Q. Last week you wrote that vicious verbal attacks on John Kerry reflect Netanyahu's panic that Israel will be blamed and punished politically and economically for a failed peace process. Yet pro-settler critics of Kerry want the process to fail as soon as possible. So what motivates them?

 A. Indeed, it does seem possible to distinguish between two types of Israeli criticism of Kerry, both represented in the Netanyahu government. Prime Minister Netanyahu himself and Intelligence Minister Yuval Steinitz, another critic who is close to Netanyahu, want the peace process to continue for as long as possible precisely in order for Israel to avoid condemnation for its failure and to avoid the sanctions and political isolation that would likely follow such condemnation. They seem to criticize Kerry when he talks about those sanctions--albeit acknowledging that he is a friend of Israel--lest he "give the Europeans ideas" and encourage the BDS campaign.

That Netanyahu fears economic sanctions more than the peace process is evident from his constant efforts to "sell" the Israeli economy--particularly the high-tech sector, whose product is essentially "invisible" hence relatively sanction-proof. Netanyahu's drive to boost Israeli-Chinese economic ties even to the extent of allowing huge Chinese investments in Israeli infrastructure (to promote east-west trade via Israel) and university knowledge-based programs is another indicator. This effort ignores the risk that China, whose economic agenda includes close ties with radical oil-producers like Iran and banking ties with the likes of Hamas, could abuse its penetration of Israel.

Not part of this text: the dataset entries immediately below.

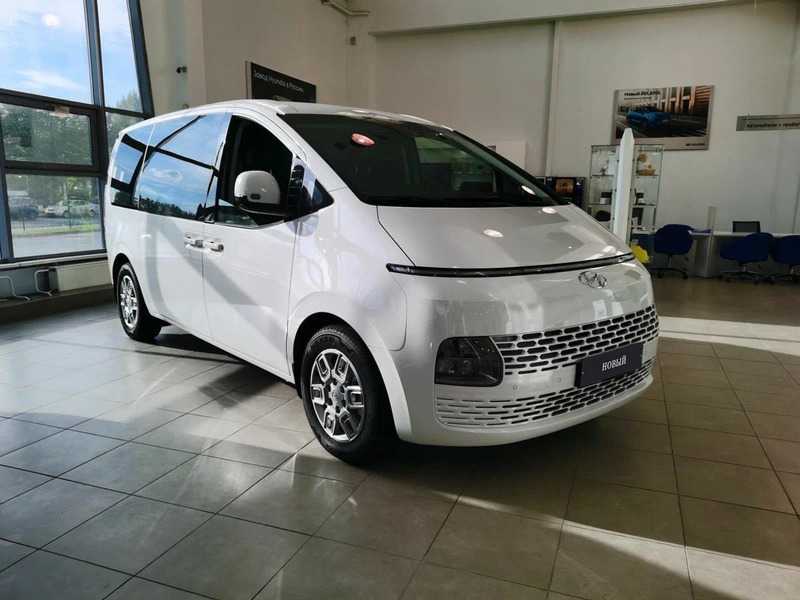 Hyundai - Hyundai Staria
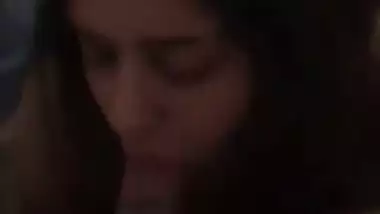 HORNY DESI BABE GIVING DEEP BLOWJOB TO EX LOVER PLEASURE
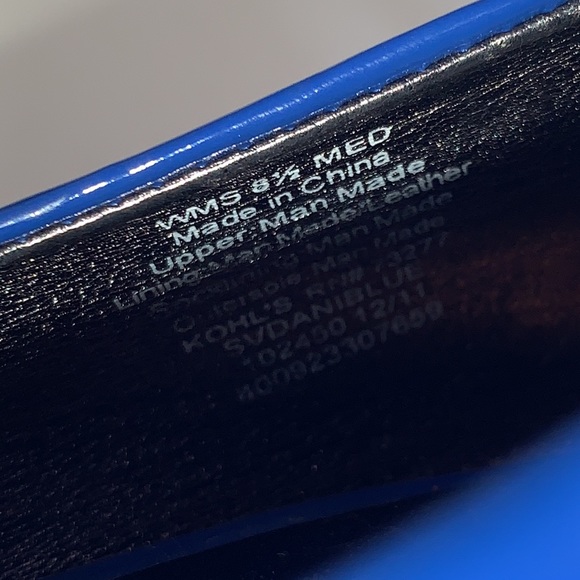 Vera Wang Two-Tome Patent Pumps - Picture 9 of 16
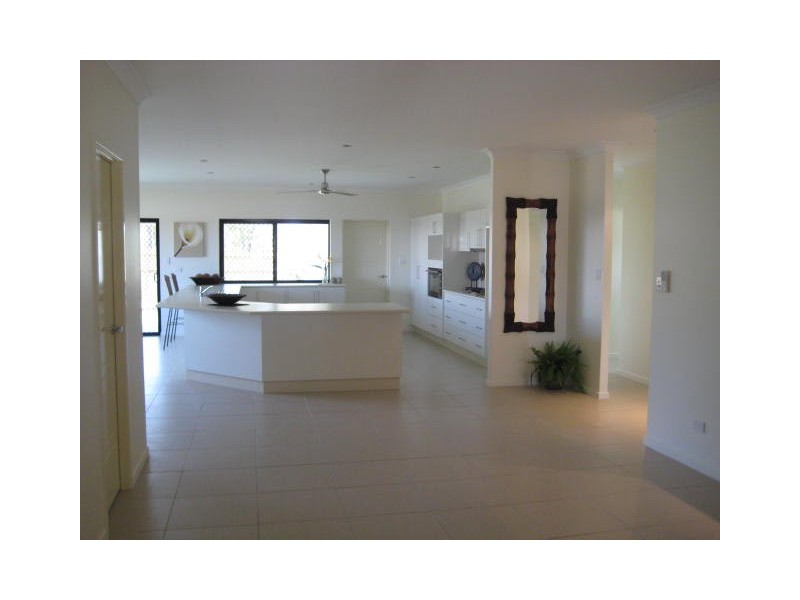 2 NewQuay Place, Kirwan QLD 4817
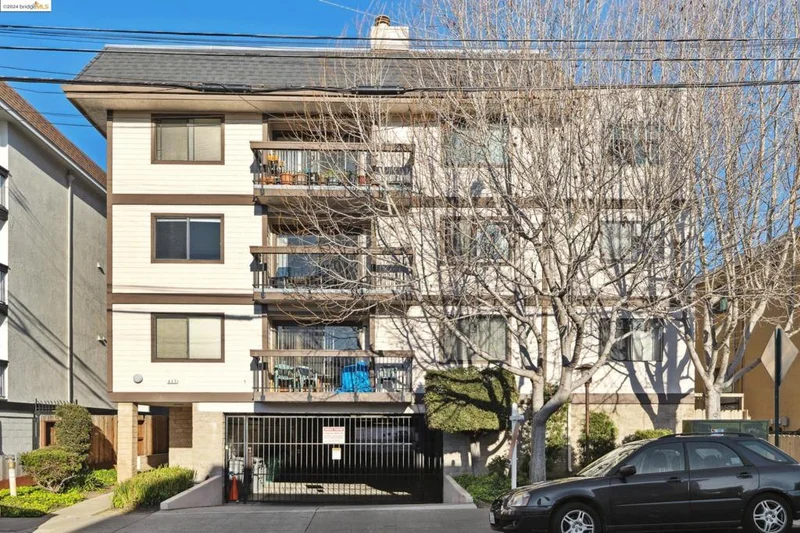 417 Evelyn Ave #203, Albany, CA 94706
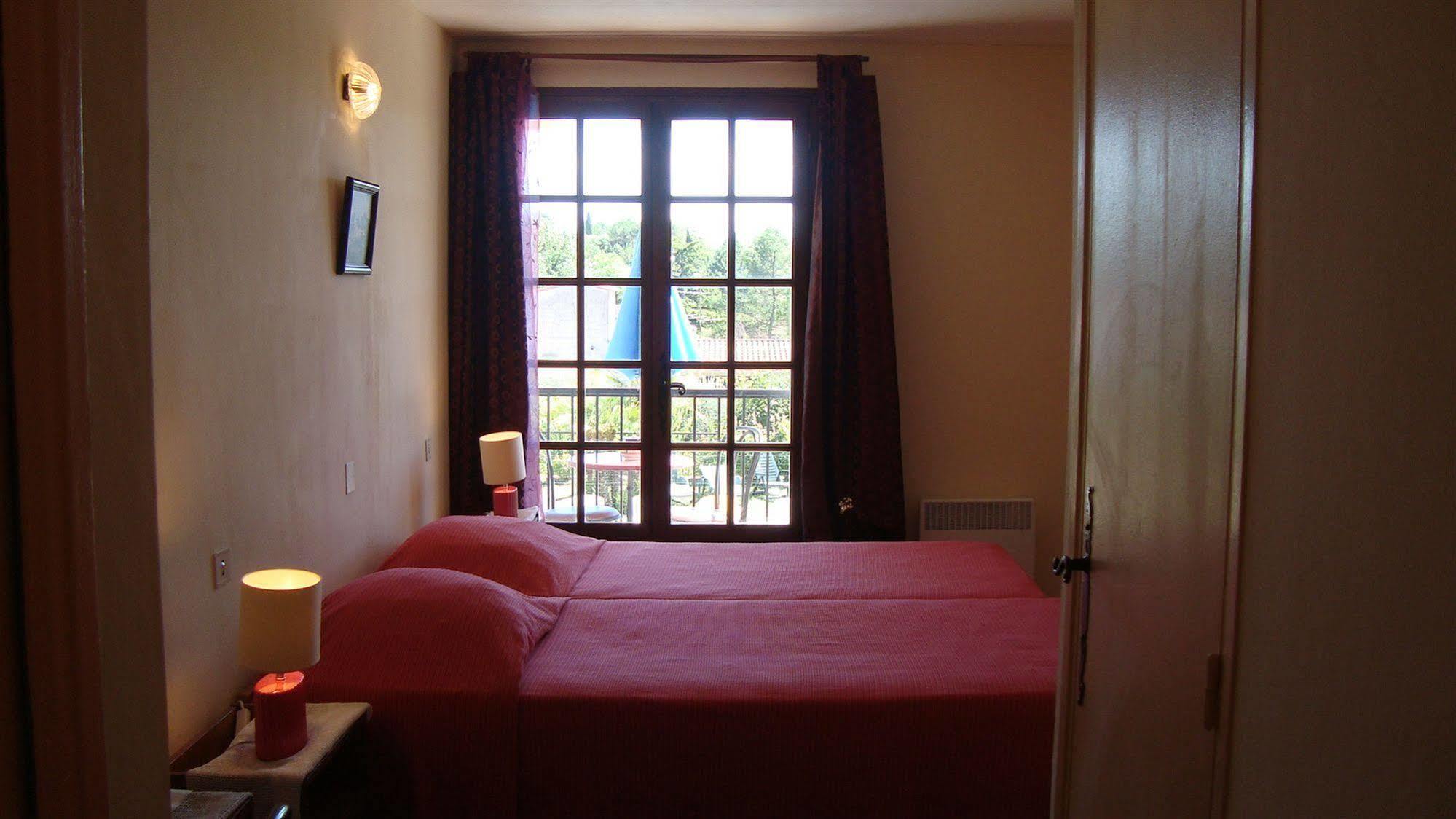 Hotel de la Poste Peymeinade Buitenkant foto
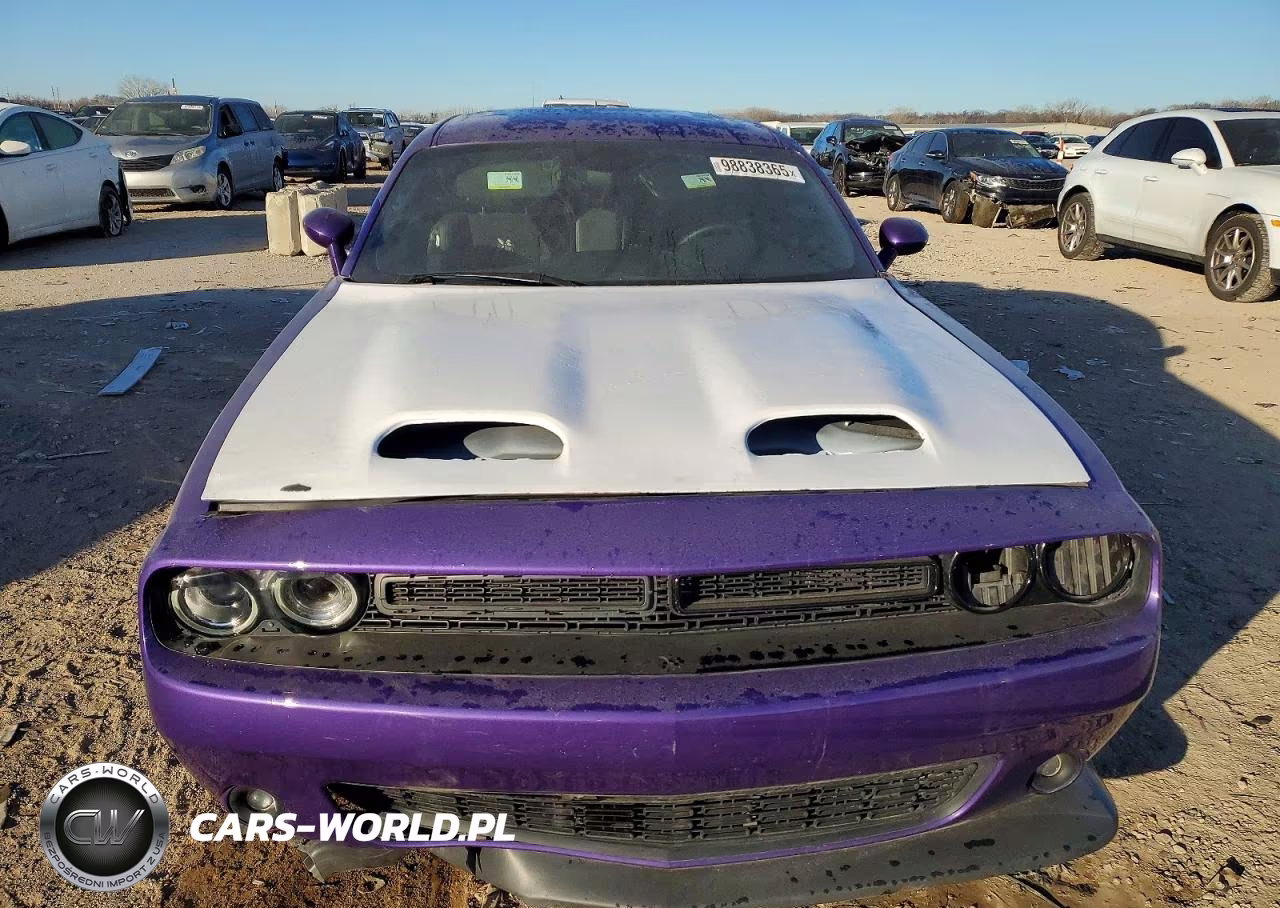 2018 Dodge Challenger VIN:2C3CDZFJ3JH310960 - 5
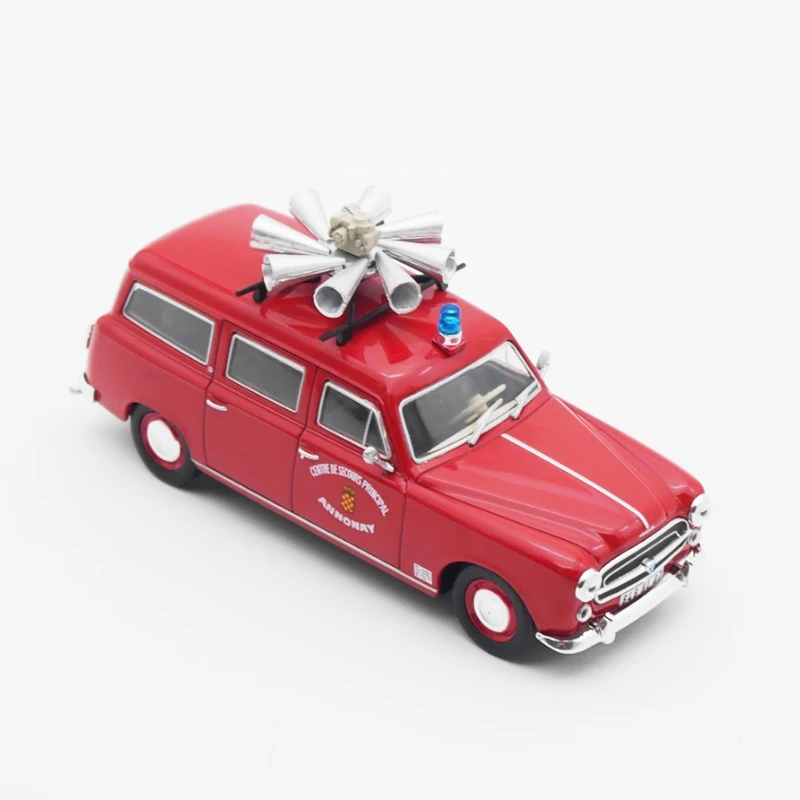 

Diecast 1:43 Scale IXO 403 Break Alloy Fire Truck Ambulance Car Model Simulation Toy Collection Gift Static Model Display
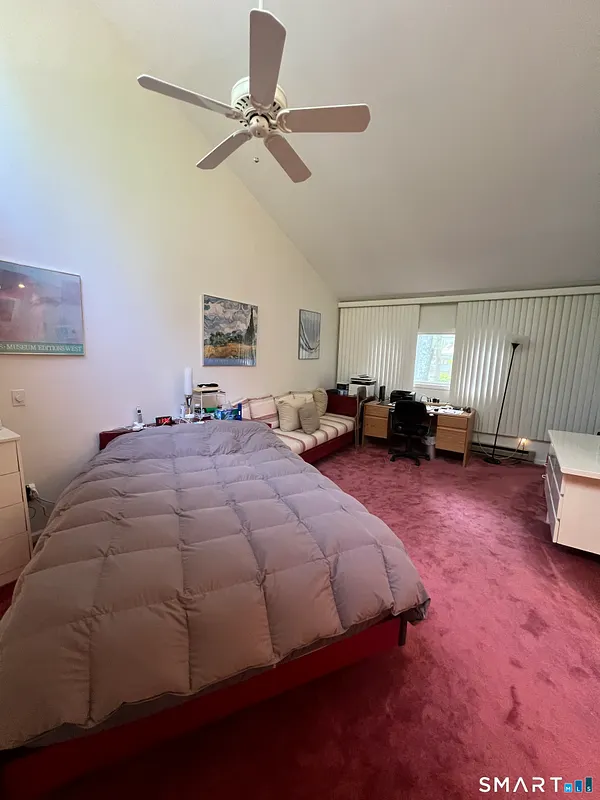 480 Evergreen Road Photo 17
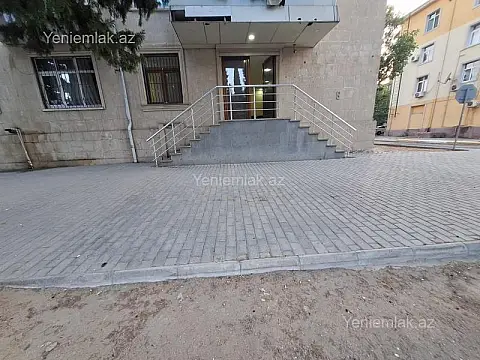 Satılır 4 otaqlı obyekt 46 m²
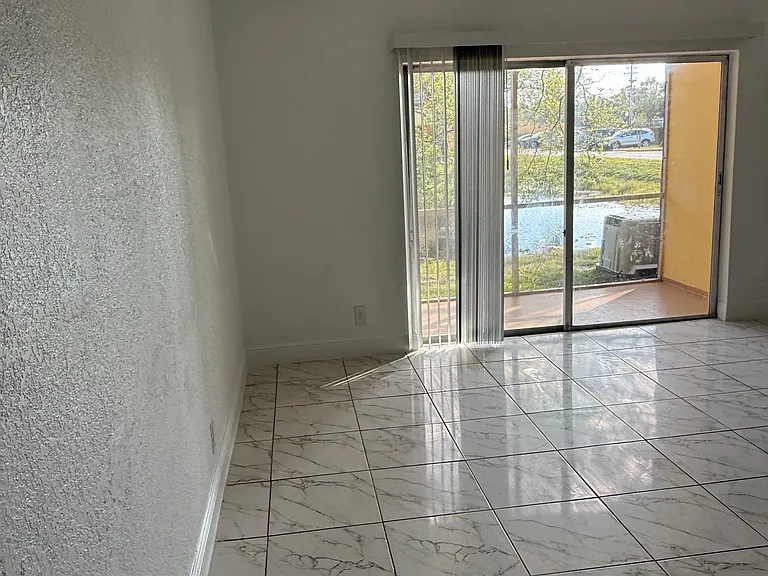 Royal Palms at Lauderhill — Photo 10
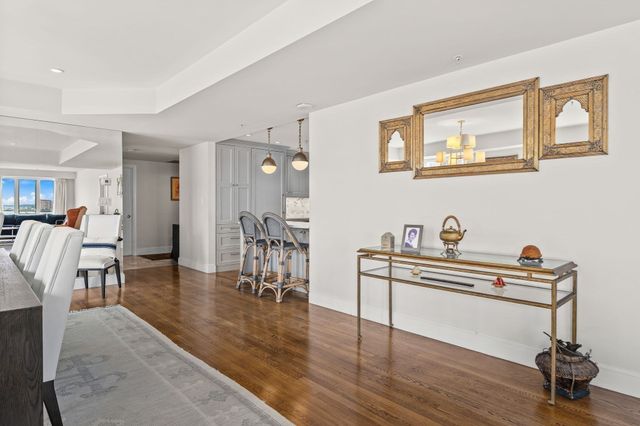 197 8th St 307, Boston, MA 02129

In stark contrast, critics from the settler lobby like Jewish Home's Naftali Bennett and the right wing of the Likud, a number of whose members are deputy ministers in the Netanyahu government, are not convinced the two-state solution negotiations can simply be strung out ad infinitum without risking the "danger" of success. Hence they attack Kerry's "messianic" attributes and portray him as a menace to Israel in the apparent hope of discrediting him in the eyes of the public or even driving him away from his Israeli-Palestinian peace project. They also make it clear that sanctions are preferable to a two-state solution. Note, for example, Economy Minister Bennett's argument that "a Palestinian state will wreck Israel's economy" and his assertion that the threat of an international boycott against Israel pales in comparison to the economic damage likely to be caused by a two-state solution.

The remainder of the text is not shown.